Of all the entries below, only the lines from the one with "Suojakotelo Samsung Galaxy" up to and including the one with "AR license plate 766VWV" are to be duplicated exactly.

> [Data]:
§ §

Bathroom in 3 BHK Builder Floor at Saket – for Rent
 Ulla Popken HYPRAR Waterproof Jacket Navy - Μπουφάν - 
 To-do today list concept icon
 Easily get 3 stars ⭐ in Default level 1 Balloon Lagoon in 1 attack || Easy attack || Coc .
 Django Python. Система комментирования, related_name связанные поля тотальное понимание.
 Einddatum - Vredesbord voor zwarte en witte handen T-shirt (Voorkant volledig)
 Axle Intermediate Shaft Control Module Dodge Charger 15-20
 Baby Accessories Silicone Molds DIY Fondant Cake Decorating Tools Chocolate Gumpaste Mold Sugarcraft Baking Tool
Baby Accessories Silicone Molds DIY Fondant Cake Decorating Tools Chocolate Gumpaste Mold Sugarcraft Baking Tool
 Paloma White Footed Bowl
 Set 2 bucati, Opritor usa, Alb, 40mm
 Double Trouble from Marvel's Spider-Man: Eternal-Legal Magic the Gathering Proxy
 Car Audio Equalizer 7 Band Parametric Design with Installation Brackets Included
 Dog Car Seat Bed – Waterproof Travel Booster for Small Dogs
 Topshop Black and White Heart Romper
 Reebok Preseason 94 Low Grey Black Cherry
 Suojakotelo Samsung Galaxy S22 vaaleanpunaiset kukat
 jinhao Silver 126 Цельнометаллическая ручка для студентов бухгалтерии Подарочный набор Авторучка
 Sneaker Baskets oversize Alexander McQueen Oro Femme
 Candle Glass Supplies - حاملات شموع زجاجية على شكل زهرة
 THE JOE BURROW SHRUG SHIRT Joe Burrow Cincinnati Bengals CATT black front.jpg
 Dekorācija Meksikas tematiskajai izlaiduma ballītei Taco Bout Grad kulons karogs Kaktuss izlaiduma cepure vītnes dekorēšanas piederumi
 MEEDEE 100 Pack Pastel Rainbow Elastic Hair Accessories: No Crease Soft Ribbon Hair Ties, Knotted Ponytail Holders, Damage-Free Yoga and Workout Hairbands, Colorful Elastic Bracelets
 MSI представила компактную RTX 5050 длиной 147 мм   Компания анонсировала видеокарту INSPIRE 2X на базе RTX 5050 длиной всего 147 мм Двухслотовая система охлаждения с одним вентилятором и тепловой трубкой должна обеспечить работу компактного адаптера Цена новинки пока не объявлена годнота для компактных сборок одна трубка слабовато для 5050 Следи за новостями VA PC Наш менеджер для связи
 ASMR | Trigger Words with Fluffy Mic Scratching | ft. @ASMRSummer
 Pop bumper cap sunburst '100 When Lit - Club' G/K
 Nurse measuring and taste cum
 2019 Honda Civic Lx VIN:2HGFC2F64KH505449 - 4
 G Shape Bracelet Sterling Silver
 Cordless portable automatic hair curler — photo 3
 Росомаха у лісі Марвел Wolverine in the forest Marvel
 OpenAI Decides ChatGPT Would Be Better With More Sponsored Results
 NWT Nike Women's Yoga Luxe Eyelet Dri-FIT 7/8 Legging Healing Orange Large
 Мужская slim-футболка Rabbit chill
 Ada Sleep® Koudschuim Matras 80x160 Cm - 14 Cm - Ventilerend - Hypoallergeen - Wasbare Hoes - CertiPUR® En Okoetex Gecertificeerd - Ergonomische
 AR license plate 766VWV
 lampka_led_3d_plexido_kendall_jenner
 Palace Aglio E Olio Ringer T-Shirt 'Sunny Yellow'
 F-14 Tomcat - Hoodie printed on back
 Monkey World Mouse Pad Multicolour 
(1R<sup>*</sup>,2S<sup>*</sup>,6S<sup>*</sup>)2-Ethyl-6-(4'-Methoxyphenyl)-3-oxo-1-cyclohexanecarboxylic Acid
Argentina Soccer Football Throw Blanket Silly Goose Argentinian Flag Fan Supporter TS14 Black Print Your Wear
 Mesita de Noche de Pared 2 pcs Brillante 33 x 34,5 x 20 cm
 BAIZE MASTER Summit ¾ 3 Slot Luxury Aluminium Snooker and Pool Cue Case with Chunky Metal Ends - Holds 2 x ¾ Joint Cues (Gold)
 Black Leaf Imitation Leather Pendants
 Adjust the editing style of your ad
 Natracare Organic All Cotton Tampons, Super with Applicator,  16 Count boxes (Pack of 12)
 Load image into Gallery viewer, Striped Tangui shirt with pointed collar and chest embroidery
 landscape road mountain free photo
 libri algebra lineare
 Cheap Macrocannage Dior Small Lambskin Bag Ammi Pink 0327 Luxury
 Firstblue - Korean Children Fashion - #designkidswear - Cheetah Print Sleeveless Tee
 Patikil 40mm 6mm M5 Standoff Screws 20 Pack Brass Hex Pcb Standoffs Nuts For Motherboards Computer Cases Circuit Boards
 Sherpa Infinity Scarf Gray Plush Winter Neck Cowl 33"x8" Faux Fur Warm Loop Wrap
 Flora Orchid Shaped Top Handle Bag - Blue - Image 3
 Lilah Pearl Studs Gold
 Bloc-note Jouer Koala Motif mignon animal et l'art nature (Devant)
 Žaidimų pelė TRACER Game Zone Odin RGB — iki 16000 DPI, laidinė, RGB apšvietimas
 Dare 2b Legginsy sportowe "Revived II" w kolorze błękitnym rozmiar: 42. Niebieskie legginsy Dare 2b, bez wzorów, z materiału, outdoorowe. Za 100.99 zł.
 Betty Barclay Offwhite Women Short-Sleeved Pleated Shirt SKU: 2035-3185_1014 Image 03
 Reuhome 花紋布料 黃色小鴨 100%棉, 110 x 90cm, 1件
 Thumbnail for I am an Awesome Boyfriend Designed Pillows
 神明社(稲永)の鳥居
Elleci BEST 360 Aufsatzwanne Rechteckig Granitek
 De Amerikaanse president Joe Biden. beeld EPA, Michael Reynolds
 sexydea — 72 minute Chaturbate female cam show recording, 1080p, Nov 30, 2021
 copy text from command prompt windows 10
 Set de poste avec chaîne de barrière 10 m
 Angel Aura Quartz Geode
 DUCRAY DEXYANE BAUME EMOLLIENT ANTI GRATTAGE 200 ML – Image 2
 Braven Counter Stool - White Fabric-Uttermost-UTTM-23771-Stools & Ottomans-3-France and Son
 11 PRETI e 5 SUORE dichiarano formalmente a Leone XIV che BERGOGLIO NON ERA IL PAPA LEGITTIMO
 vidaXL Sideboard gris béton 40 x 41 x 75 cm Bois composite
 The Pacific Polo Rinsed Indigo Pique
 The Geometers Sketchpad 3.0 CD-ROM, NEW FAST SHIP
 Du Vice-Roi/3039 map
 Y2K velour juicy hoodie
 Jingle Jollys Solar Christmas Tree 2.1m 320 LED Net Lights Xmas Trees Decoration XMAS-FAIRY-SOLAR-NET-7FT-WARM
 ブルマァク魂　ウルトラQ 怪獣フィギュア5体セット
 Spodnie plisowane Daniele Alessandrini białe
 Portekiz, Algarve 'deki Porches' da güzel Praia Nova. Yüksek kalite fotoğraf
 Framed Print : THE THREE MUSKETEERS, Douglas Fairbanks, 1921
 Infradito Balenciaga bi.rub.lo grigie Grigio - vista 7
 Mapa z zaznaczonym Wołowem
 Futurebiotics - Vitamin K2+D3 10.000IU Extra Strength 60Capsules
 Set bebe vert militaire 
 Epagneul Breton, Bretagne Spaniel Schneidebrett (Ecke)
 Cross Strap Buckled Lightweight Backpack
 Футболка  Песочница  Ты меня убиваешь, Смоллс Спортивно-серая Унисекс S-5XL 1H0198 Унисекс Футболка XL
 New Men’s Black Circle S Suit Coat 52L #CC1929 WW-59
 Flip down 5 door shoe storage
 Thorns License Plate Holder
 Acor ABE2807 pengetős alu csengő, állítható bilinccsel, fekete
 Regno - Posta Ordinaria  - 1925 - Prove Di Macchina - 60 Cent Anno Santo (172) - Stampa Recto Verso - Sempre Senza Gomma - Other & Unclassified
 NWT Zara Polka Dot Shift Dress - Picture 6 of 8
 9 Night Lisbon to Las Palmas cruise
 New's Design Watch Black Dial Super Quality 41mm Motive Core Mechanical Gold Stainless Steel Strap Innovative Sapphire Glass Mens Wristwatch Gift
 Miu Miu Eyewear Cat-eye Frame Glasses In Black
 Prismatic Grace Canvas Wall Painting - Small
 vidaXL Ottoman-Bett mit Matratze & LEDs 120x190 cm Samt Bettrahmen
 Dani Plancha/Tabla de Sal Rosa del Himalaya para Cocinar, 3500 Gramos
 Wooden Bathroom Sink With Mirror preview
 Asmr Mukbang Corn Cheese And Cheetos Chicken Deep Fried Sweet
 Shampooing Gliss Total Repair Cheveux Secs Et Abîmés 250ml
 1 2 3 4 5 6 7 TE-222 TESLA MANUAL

§ §

> [Task answer]:
 Suojakotelo Samsung Galaxy S22 vaaleanpunaiset kukat
 jinhao Silver 126 Цельнометаллическая ручка для студентов бухгалтерии Подарочный набор Авторучка
 Sneaker Baskets oversize Alexander McQueen Oro Femme
 Candle Glass Supplies - حاملات شموع زجاجية على شكل زهرة
 THE JOE BURROW SHRUG SHIRT Joe Burrow Cincinnati Bengals CATT black front.jpg
 Dekorācija Meksikas tematiskajai izlaiduma ballītei Taco Bout Grad kulons karogs Kaktuss izlaiduma cepure vītnes dekorēšanas piederumi
 MEEDEE 100 Pack Pastel Rainbow Elastic Hair Accessories: No Crease Soft Ribbon Hair Ties, Knotted Ponytail Holders, Damage-Free Yoga and Workout Hairbands, Colorful Elastic Bracelets
 MSI представила компактную RTX 5050 длиной 147 мм   Компания анонсировала видеокарту INSPIRE 2X на базе RTX 5050 длиной всего 147 мм Двухслотовая система охлаждения с одним вентилятором и тепловой трубкой должна обеспечить работу компактного адаптера Цена новинки пока не объявлена годнота для компактных сборок одна трубка слабовато для 5050 Следи за новостями VA PC Наш менеджер для связи
 ASMR | Trigger Words with Fluffy Mic Scratching | ft. @ASMRSummer
 Pop bumper cap sunburst '100 When Lit - Club' G/K
 Nurse measuring and taste cum
 2019 Honda Civic Lx VIN:2HGFC2F64KH505449 - 4
 G Shape Bracelet Sterling Silver
 Cordless portable automatic hair curler — photo 3
 Росомаха у лісі Марвел Wolverine in the forest Marvel
 OpenAI Decides ChatGPT Would Be Better With More Sponsored Results
 NWT Nike Women's Yoga Luxe Eyelet Dri-FIT 7/8 Legging Healing Orange Large
 Мужская slim-футболка Rabbit chill
 Ada Sleep® Koudschuim Matras 80x160 Cm - 14 Cm - Ventilerend - Hypoallergeen - Wasbare Hoes - CertiPUR® En Okoetex Gecertificeerd - Ergonomische
 AR license plate 766VWV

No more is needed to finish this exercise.